### ACTIVITY:
Nothing but the lines from the one containing "DIBUTUHKAN SEGERA!!" through the last line of the entries should appear in the output, each verbatim.

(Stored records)
►

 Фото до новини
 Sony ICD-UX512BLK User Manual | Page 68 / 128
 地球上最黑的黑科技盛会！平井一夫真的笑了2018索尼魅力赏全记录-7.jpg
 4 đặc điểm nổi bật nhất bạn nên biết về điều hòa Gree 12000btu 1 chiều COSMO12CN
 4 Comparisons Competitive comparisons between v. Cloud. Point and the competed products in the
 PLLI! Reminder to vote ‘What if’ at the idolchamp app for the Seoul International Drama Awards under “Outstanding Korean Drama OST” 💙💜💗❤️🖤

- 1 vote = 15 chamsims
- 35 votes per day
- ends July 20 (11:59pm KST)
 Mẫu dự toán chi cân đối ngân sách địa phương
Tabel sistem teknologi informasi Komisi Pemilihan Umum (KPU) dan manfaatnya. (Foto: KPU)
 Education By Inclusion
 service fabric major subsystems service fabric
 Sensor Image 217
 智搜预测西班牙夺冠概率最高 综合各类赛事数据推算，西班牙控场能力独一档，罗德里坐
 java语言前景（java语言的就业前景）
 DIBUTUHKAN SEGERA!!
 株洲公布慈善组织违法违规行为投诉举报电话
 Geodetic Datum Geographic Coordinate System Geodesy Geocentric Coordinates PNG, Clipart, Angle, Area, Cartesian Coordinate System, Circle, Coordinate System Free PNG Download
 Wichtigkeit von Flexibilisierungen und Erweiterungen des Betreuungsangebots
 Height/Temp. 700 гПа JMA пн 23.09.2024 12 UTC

◄

### ANSWER TO THE EXERCISE:
 DIBUTUHKAN SEGERA!!
 株洲公布慈善组织违法违规行为投诉举报电话
 Geodetic Datum Geographic Coordinate System Geodesy Geocentric Coordinates PNG, Clipart, Angle, Area, Cartesian Coordinate System, Circle, Coordinate System Free PNG Download
 Wichtigkeit von Flexibilisierungen und Erweiterungen des Betreuungsangebots
 Height/Temp. 700 гПа JMA пн 23.09.2024 12 UTC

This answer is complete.